The first optical characteristic value and the second optical characteristic value may include a chromaticity value of green. For example, each of the first optical characteristic value and the second optical characteristic value may include the chromaticity value of green along the first axis (e.g., the x-axis) of the color coordinate system and/or the chromaticity value of green along the second axis (e.g., the y-axis) of the color coordinate system.

The first optical characteristic value and the second optical characteristic value may include a luminance value.

In a comparative example, an arrangement of display modules of the modular display device 1 may be determined using only one of the first optical characteristic value or the second optical characteristic value. If the display modules are assembled in such a determined arrangement, an optical characteristic of each display module may vary according to a condition (e.g., temperature, voltage, and the like) and accordingly, uniformity of the modular display device 1 may be broken.

Since the difference value between the first optical characteristic value and the second optical characteristic value is an inherent characteristic of the LED and the film, it may not be affected by external factors such as temperature and voltage. Therefore, the modular display device 1 assembled in an arrangement determined based on the difference value may maintain the uniformity even after assembly. The modular display device 1 assembled in the arrangement determined based on the difference value may maintain the uniformity even when viewed in different directions (e.g., front and side).

FIG. 4 is a flowchart illustrating an example manufacturing method of a modular display device, according to various embodiments.

Referring to FIG. 4, in step 410, a first optical characteristic value for each display module may be measured in a first direction. For example, referring to FIG. 3, the first optical characteristic value of the display module 10 displaying the reference image may be measured in a first direction D1.

In step 420, a second optical characteristic value for each of the display modules may be measured in a second direction different from the first direction. For example, referring to FIG. 3, the second optical characteristic value of the display module 10 displaying the reference image may be measured in a second direction D2. Although the step 420 is illustrated to be performed after the step 410, unlike the illustration, the step 420 may be performed substantially simultaneously with the step 410 or before the step 410.

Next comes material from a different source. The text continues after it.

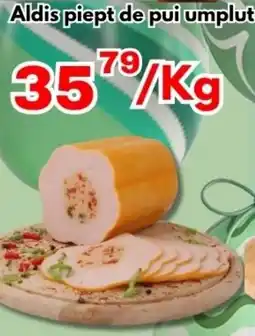 Global Aldis piept de pui umplut Ofertă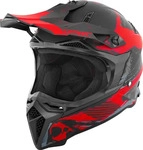 Germot GM00054023-M, Germot GM 540 Crosshelm matt-schwarz-rot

In step 430, an arrangement of the display modules may be determined using a difference value between the first optical characteristic value and the second optical characteristic value of each of the display modules. For example, the arrangement of the plurality of display modules may be determined such that the difference value between the first optical characteristic value and the second optical characteristic value for each of the plurality of display modules of the modular display device 1 gradually changes.

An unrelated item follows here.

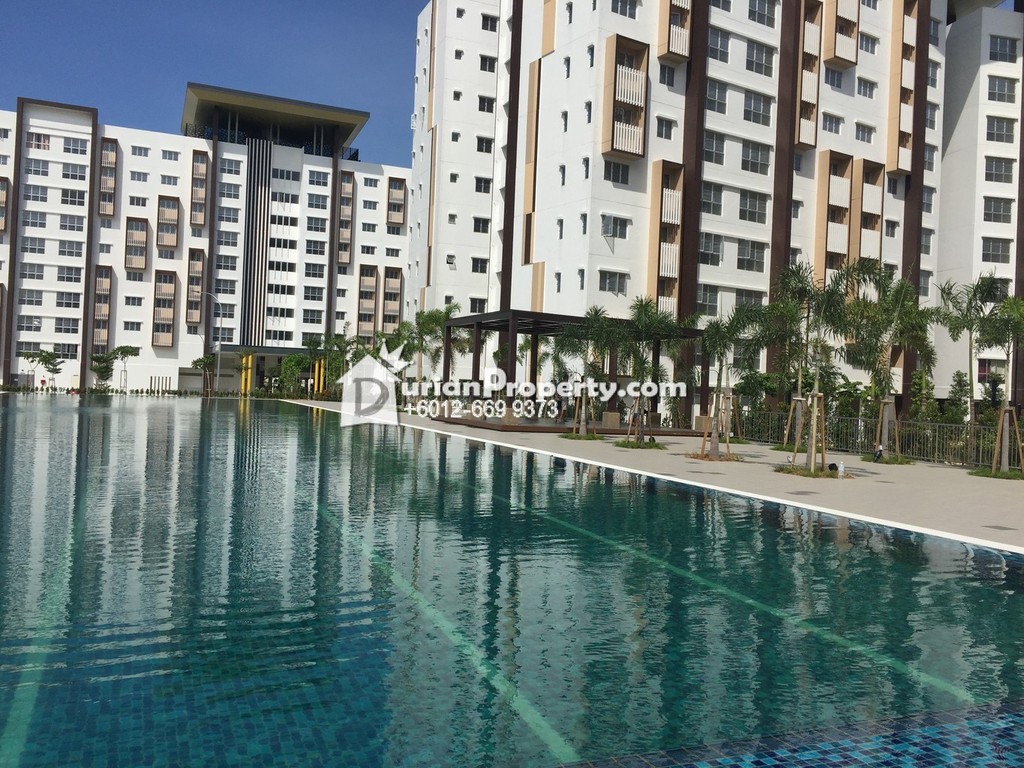 seri mutiara apartment setia alam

In step 440, the display modules may be assembled in the determined arrangement. For example, the display modules may be assembled to have the arrangement determined in the step 430.

FIG. 5 is a flowchart illustrating an example manufacturing method of a modular display device, according to various embodiments.

Referring to FIG. 5, in step 510, a first optical characteristic value for each display module may be measured in a first direction. In step 510, the first optical characteristic value may include a first chromaticity value along a first axis (e.g., a y-axis) and a second chromaticity value along a second axis (e.g., an x-axis) of a color coordinate system. For example, referring to FIG. 3, the first chromaticity value and the second chromaticity value of a display module 10 displaying the reference image may be measured in a first direction D1.

In step 520, a second optical characteristic value for each of the display modules may be measured in a second direction different from the first direction. In the step 520, the second optical characteristic value may include a third chromaticity value along the first axis (e.g., the y-axis) of the color coordinate system and a fourth chromaticity value along the second axis (e.g., the x-axis) of the color coordinate system. For example, referring to FIG. 3, the third chromaticity value and the fourth chromaticity value of the display module 10 displaying the reference image may be measured in a second direction D2. Although the step 520 is illustrated to be performed after the step 510, the step 520 may be performed substantially simultaneously with the step 510 or before the step 510.

In step 530, an arrangement of the display modules may be determined using a first difference value between the first chromaticity value and the third chromaticity value of each of the display modules. For example, the arrangement of the plurality of display modules of a modular display device 1 may be determined such that the difference value between the first chromaticity value and the third chromaticity value of each of the plurality of display modules gradually changes.

In step 540, it may be determined whether a deviation of a second difference value between the second chromaticity value and the fourth chromaticity value among adjacent display modules within the determined arrangement exceeds a reference value. For example, referring to FIG. 1, it may be determined whether the deviation between the second difference value of a display module 11 and the second difference value of a display module 12, adjacent to the display module 11, exceeds the reference value. In the step 540, if it is determined that the deviation of the second difference value does not exceed the reference value (the step 540: NO), step 550 may be performed, and if not (the step 540: YES), step 560 may be performed.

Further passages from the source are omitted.